I hope U understand it.

refer book as well, ITX in the book of ADDMATHS in olevels andin Alevels core maths too.

itx a simple rule

the thing is i know all that youre saying ofcourse i have studied that
but
the questions doesnt say maximum of the curve because we d d^2/dx^2 so see the nature of the curve whether its maxima or minima but the question says gradient of the NORMAL to the curve HAS ITS maximum value at p
bu

 

[leadingguy]

the thing is i know all that youre saying ofcourse i have studied that
but
the questions doesnt say maximum of the curve because we d d^2/dx^2 so see the nature of the curve whether its maxima or minima but the question says gradient of the NORMAL to the curve HAS ITS maximum value at p
bu

notice that the gradient of the normal to the curve is always the same to the gradient of the curve at that point!!!

MEAN to say that whatever is the gradient of the curve at a particular point will surely be the gradient of the tangent at that point on the curve.

this clears that gradient of tangent at a point on curve will be the gradient fo curve too; at that point

look at the question it says that the gradient of the normal is maximum at point "P" MEans that at point P gradient of the curve will also be maximum.!!!!!


now how to find a maximum point????

jxt double differentiate the eq. to get the x coordinate of P.

I hope to be write but m not sure??? as m too giving the same paper this year, (IT should be true )

 

[saimaiftikhar92]

PLEASE HELP ME IN THE QUESTIONS I HAVE POSTED................................

 

[aksameerkhan27]

june o7 p3 question 6 part 2 (6ii)
Pls help how to verify.

 

[saimaiftikhar92]

PLEASE GIUDE ME IN THESE:

MAY JUNE 2008 QUESTION 6 AND 8

OCT NOV 2008 QUESTION 7 AND 10

 

[leadingguy]

PLEASE GIUDE ME IN THESE:

MAY JUNE 2008 QUESTION 6 AND 8

OCT NOV 2008 QUESTION 7 AND 10

may june o8 question 6:
its says that there is a point on which the tangent is paralel. the tangent is paralel to x axis means the gradient will be zero.!!!!!!!!!!!!!
therefore frst differentiate the eq. xy(x+y) =2a^3


while differetiating remember that its an implicit function so will be differentiated at itx pattern.

aftr U get UR differentiation put it equal to zero as tangent paralel to x axis is always with zero gradient.
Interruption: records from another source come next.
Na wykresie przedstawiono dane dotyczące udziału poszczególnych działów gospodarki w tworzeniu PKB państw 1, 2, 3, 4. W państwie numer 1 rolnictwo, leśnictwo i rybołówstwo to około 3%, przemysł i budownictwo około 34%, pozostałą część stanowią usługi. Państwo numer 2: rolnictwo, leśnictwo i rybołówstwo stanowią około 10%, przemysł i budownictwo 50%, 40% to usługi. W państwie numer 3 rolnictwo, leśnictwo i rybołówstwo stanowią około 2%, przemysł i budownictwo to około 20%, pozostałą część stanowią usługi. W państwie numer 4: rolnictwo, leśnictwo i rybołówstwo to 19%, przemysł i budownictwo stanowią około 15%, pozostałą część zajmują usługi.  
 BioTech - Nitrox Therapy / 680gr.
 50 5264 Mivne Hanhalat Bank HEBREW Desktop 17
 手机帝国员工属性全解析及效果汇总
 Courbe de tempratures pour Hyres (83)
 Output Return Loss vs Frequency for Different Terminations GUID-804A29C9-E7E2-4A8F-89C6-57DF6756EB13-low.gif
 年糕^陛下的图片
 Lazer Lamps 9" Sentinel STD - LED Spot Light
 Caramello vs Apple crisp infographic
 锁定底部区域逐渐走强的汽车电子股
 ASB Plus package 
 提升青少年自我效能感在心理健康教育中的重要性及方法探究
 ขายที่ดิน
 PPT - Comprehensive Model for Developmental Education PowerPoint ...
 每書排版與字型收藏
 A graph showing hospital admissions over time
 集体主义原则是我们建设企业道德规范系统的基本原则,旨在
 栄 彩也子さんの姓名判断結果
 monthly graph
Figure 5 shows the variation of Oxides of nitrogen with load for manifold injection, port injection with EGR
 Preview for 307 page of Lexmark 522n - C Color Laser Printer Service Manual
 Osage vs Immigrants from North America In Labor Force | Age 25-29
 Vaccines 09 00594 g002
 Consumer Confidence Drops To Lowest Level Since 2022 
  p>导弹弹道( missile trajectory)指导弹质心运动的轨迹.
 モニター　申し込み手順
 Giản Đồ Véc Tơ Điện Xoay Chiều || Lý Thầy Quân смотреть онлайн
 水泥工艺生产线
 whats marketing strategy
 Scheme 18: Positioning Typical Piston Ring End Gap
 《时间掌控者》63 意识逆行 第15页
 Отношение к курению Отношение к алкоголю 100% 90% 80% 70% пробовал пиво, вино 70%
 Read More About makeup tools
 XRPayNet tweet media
U will be having UR eq. as ......... y= -2x

substitute this value of y in the original eq. U will have the value of x = a

hope U are asking for the same?? or U need full working??

 

[ffaadyy]

june o7 p3 question 6 part 2 (6ii)
Pls help how to verify.

Q6(ii), June 2007

2 sin x = x
2 sin x - x

Substitute 'π/2' in the place of 'x'.

2 sin x - x
2 sin π/4 - π/4
0.628

Substitute '2π/3' in the place of 'x'.

2 sin x - x
2 sin 2π/3 - 2π/3
-0.36

There's a simple rule of verifying. In iteration, you'll be given two values and a formula which in this case was 'π/2' & '2π/3' and 'x = 2 sin x' respectively. Arrange the formula as this 'x - 2 sin x', insert the two values one by one and calculate a final answer. If you are getting a negative answer and a positive answer, then it's verified.